By the end of the movie, I didn't feel like I had any idea how this world was supposed to work on a good day, why it failed this time, or why I should care. This is the crux of why the Control Room scenes don't really work for me.

The characters themselves, I didn't like. They seem so cartoonish and cause such a tonal shift from the action in the cabin that it's almost like I'm watching a completely different movie. I understand the poor folks on the IMDB discussion boards who felt like the Control Room scenes got in the way. Sitterson and Hadley aren't real characters; they are occasionally witty but always unpleasant mouthpieces for a system that is irredeemably awful. Watching their banter wasn't fun for me. If either of them had actually been likable or if the Daniel Truman character had gotten more development than "stern, disapproving black guy standing in the corner" I might've cared, but as it was I could never get invested. Not to mention the fact that their constant presence killed the tension and suspense during every single scare.

But in addition to not liking the people in the Control Room, almost everything that happens there is really, really stupid. They're able to micro-manipulate every situation, down to using a pheromone mist and artificial moonlight to encourage sexy funtime between Curt and Jules and later on a single whiff of gas gets Curt to say and do the exact opposite of what he'd said half a second earlier. But despite the fact that we're told the kids must die in a specific order, the Control Room doesn't actually have direct control over the monsters and Jules getting killed first is basically just dumb luck. And despite the fact that we see that there are night-vision cameras all over the woods, they somehow completely miss the fact that Marty survived his attack. And despite the fact that Marty has to die before Dana or the whole thing is fucked, they send in a bunch of guards who randomly start shooting up the lobby where both Dana and Marty are hiding. The whole thing was just baffling to me.

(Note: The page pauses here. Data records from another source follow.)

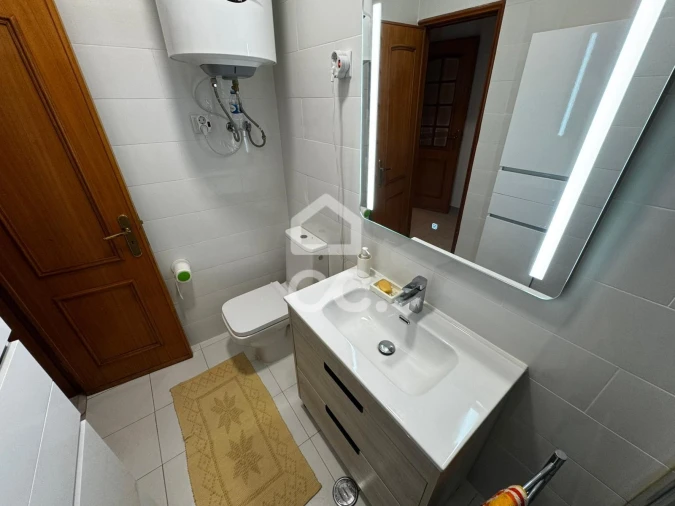 Apartamento T2 para Arrendamento em Loures Foto 3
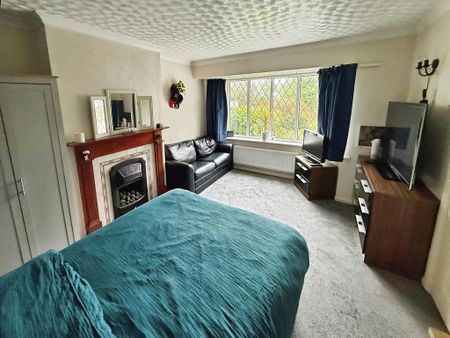 2 bedroom semi-detached bungalow to rent - Photo 3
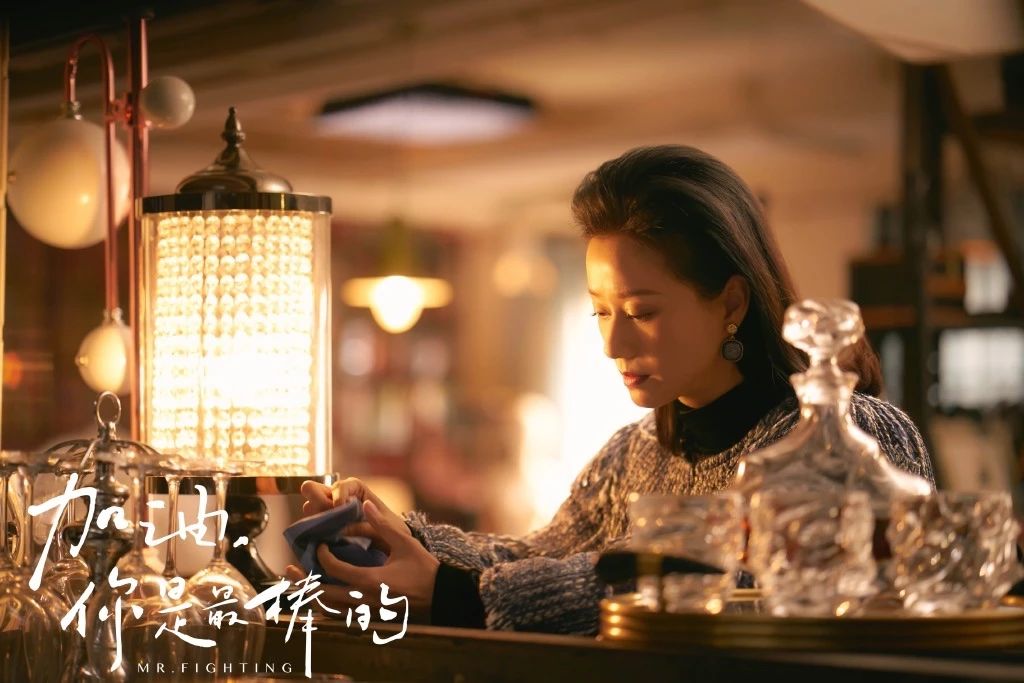 倪虹洁短发油头,倪虹洁短发造型图片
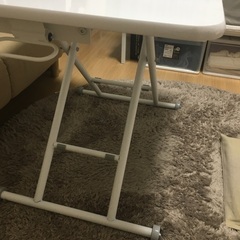 昇降式テーブルの画像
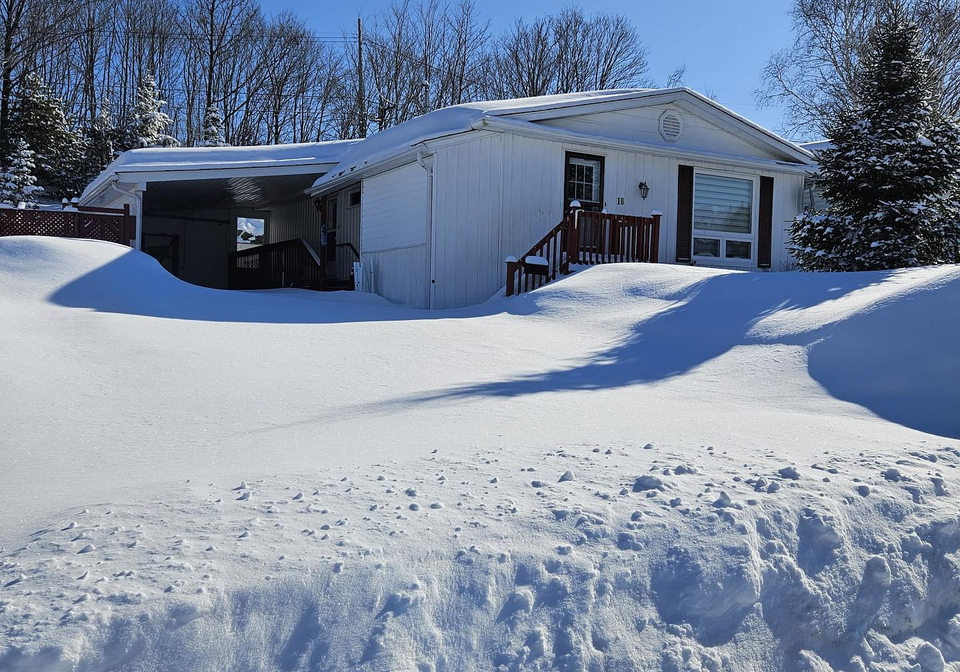 18-valley-crescent-elliot-lake-ontario-x12968880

Also, Sigourney Weaver's cameo at the end was just incredibly pointless. We are never given any reason to suspect that these kids might turn on each other just because some random woman they've never met before told them to. Sure, she's a badass, but given that she apparently works for this organization that has brutally slain three of their friends, I find it unlikely that Marty or Dana would take her words to heart. The fact that Dana considers shooting Marty for even a second is the best evidence yet that her character was clearly the Fool the whole time. Overall, the finale felt lackluster and more than a little obvious even though they chose to end the world. It takes a special talent to make the end of the world boring.

So, the failure of this movie isn't that it had some bad ideas. It brought all of these movie tropes together, but they couldn't think of anything really noteworthy to do with them. In my opinion, this movie fails because it took a halfway decent concept and ran with it, seemingly with no place to go.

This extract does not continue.